DISCUSSION
Kmeans
K-means partition all the observations into 5 clusters in which each observation belongs to the cluster with the nearest mean. We calculated the proportion of each sector’s stocks that belong to each cluster, then concluded 4 clusters. However, after calculating the mean of their beta, average volume level and year change level, there is no obvious similarity between those sectors in the same cluster.
Hierarchical
We adopted hierarchical clustering to build a hierarchy of clusters, and it also gave us 4 clusters. The right graph looks like the clusters made by k-means. Also, there is no obvious similarity can be found for the sectors in each cluster. Moreover, there are lots of points overlapping others and we cannot see a clear groups from the graph.
By-Hand Method
Since the first two methods do not give us an accurate answer about the similarities among different sectors, let’s look at the results of by-hand method. Surprisingly, we can see that consumer defensive(discretionary) and technology belong to the same group which is consistent with the fact in the introduction that these two sectors perform better. In addition, financial services itself belongs to a group, which may reflect that financial services performs differently from any other sectors. It is also in accordance with its high volatility.
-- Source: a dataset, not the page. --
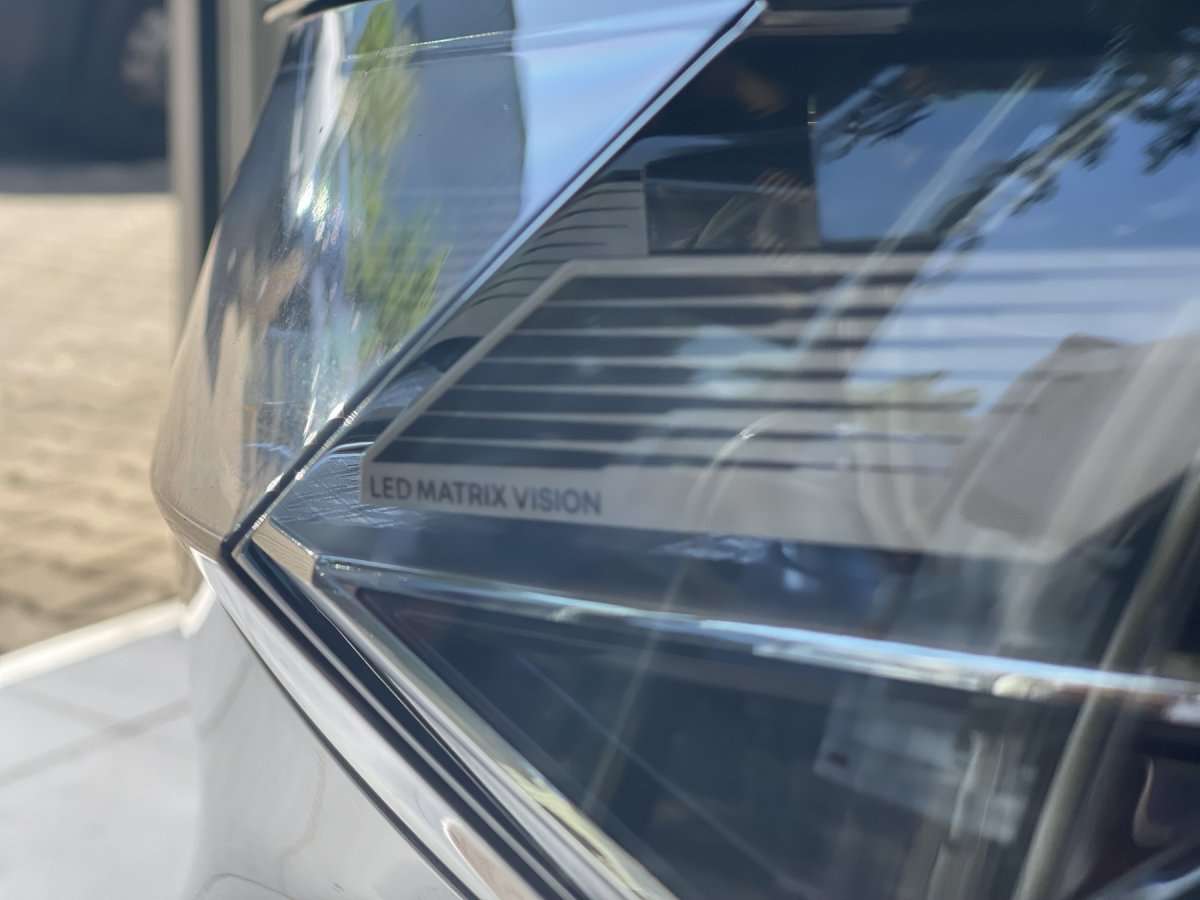 Fahrzeugbild eines Renault Rafale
Agreement by computational method & manual method
Although there are differences between k-means, hierarchical method and by-hand method, there is an interesting similarity. We noticed that healthcare and basic materials belong to the same class for both hierarchical method and by-hand method. We found that healthcare and basic materials do share some similarities, for example, most stocks in these two sectors are both be considered risky which means their beta coefficient is greater than 1; most stocks in these two sectors are both have negative year-to-date change of stock price and most stocks in these two sectors have top 25% average total volume in the whole market.
We can see that all of them gave some results. In the next step, we compared them and made a final choice.
fig.4-1
Which one we pick and why?
We think about the reasons why computational clustering is not as good as the manual one. First, sector size differs from each other, which is not good for computational clustering; secondly, k-means and hierarchical both focus on the calculation of distance between each stock about risk, average total volume and year to date change, so it attaches great importance of the combination of those three variables. However, we are supposed to put more attention on the entire sector’s performance for each of variable. Therefore, by-hand method is more reliable since it takes the entire sector’s performance into consideration.